World stocks scale 2-month high, boosted by rate cuts bets

By Koh Gui Qing and Danilo Masoni

NEW YORK/MILAN (Reuters) – World shares extended gains on Wednesday and the dollar stemmed losses as expectations of an end to a global rate hike cycle spurred on investors following benign inflation readings in the U.S. and across Europe.

By the end of the session, the MSCI world equity index, which tracks shares in 49 countries, jumped 0.6% to its highest since mid-September, following a positive session in Europe and a rally across Asia, aided by a report of stimulus in China.

Stocks also rose across the board on Wall Street. The S&P 500 Index rose 0.2%, the Dow Jones Industrial Average added 0.5%, and the Nasdaq Composite Index narrowed earlier gains to end flat.

U.S. retail sales fell in October, though by less than expected, giving some investors cause to celebrate that the U.S. economy is poised for a so-called “soft landing” and that the Federal Reserve is likely done raising rates.

Recent U.S. data “supports our view that consumer price inflation will continue to fall more rapidly than many expect, even as activity in the real economy holds up under the weight of higher rates,” economists at Capital Economics said in a note.

The pan-European STOXX 600 index gained 0.4% after data showed British inflation cooled more than forecast in October, hitting sterling and reinforcing bets the Bank of England will be cutting rates by the middle of 2024. [.EU]

“Good weather seems to be back. The market is starting to price in the possibility of rate cuts in the United States and also in Europe,” said Carlo Franchini, head of institutional clients at Banca Ifigest in Milan.

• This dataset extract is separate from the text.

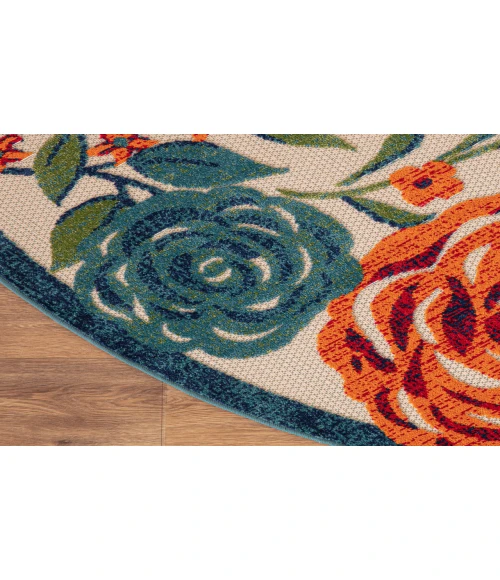 Nourison Aloha Ivory Multicolor ALH32 5 ft. 3 in. Round Rug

“I think the equity rally will continue into 2024 and so will bonds of course, subject to the international picture that remains complicated with the war in Ukraine, the Middle East and trade tensions with China,” he added.

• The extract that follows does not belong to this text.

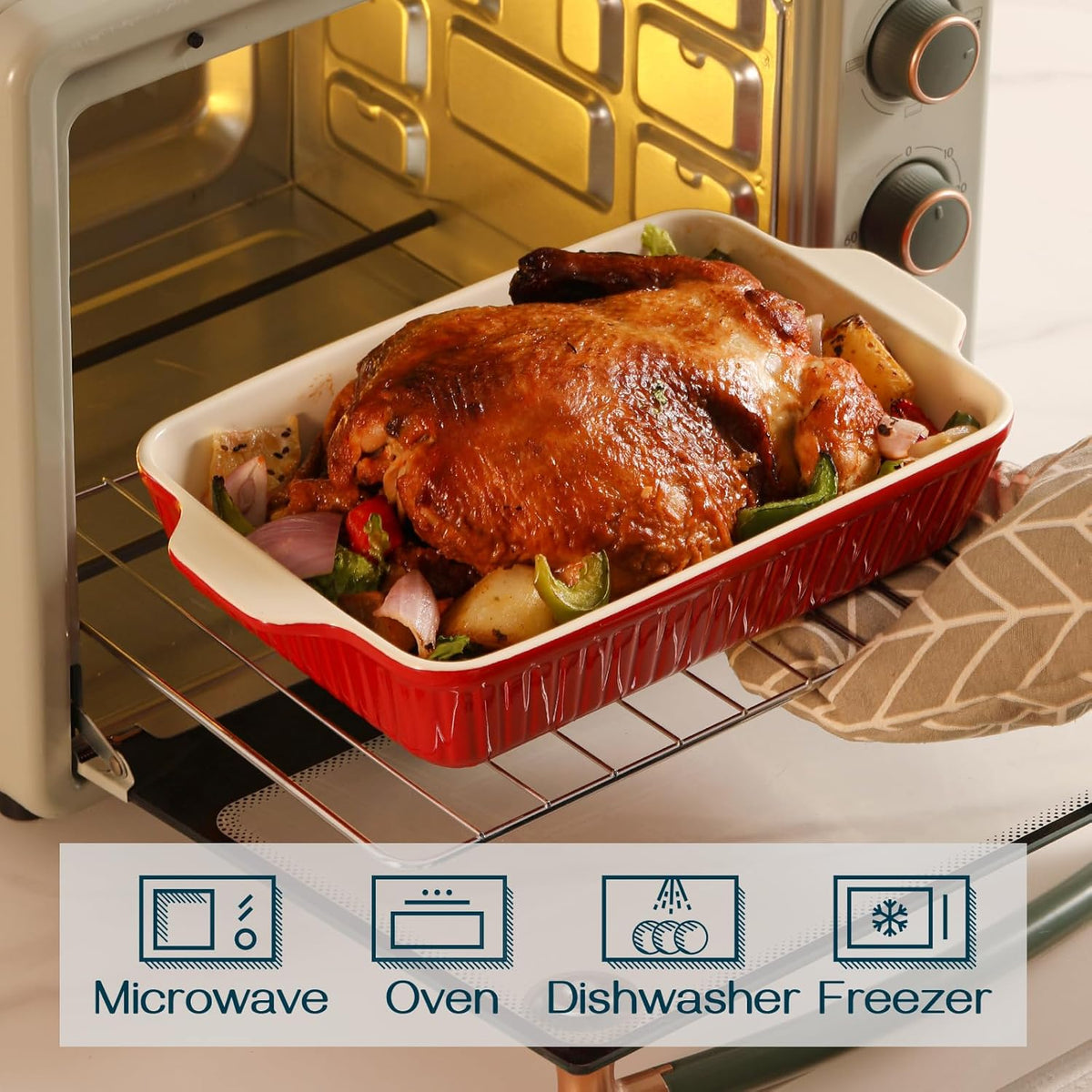 DOWAN Casserole Dishes for Oven, Set of 3 Rectangular Ceramic Baking Dishes, 135 oz Capacity, Red (15.6''/12.2''/8.9'')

The British consumer price index rose by 4.6% in the 12 months to October, slowing from September’s 6.7% increase, the Office for National Statistics said. Inflation in Italy and France also receded to an annual growth rate of 1.8% and 4.5% respectively last month, according to their statistics agencies.

On Tuesday, data showed U.S. headline consumer prices were flat in October, against expectations for a 0.1% rise. Core CPI, at 0.2%, also came in below a forecast of 0.3%.

“I think the CPI number has just pushed the last person to cover their shorts,” Naka Matsuzawa, Nomura’s chief macro strategist, said on the phone from Tokyo.

He sees a “more complicated” process ahead, where stock market exuberance eventually collides with bond market expectations that an economic slowdown will drive rate cuts.


The dollar sputtered after slumping on Tuesday following the softer U.S. inflation print. The dollar index, which measures the currency against a basket of peers, stood at 104.33, not far from Tuesday’s two-month low of 103.98. [FRX/]

Interest rate futures swung to price in an interest rate cut by the Fed as early as May, with a 30% chance it could come even sooner, in March.

After dropping 19 basis points (bps) on Tuesday in their biggest one-day drop since March, 10-year Treasury yields bounced to 4.5333%. Ten-year German bond yields stood at 2.639%.

Sterling slid 0.72% to $1.24105 as the cooler inflation print helped the British currency reverse part of Tuesday’s surge against a falling dollar. [GBP/] That helped London stocks outperform, up 0.62%. [.L] The euro inched around 0.25% lower at $1.08515.


Adding to markets’ cheer was strong industrial output and retail sales data in China and a report from Bloomberg News that China plans to provide 1 trillion yuan ($137 billion) of low-cost financing to boost the housing market.

MSCI’s broadest index of Asia-Pacific shares outside Japan gained 2.85%, hitting its highest since mid-September. The Hang Seng rose nearly 4% in Hong Kong as mainland property developers rallied over 5%.

China’s retail sales rose 7.6% in October, although that may have been flattered by the Golden Week holiday at the start of the month. Real estate remains in a deep funk, with investment in January-October down 9.3% year-on-year.

“It is clear that Beijing has been turning more proactive in recent weeks to help support the recovery,” HSBC economists said in a note to clients. “With ongoing uncertainties highlighted by the property sector, we think Beijing will continue to step up support through both fiscal and monetary means.”

The weaker dollar and the expectation of more stimulus in top metals consumer China kept London copper prices, hovering near a five-week peak scaled in the previous session. [MET/L] Iron ore rallied to a 2-1/2 year high in Shanghai and was last up 0.8%.

Brent crude futures reversed course to trade down 1.8% to $80.98 a barrel.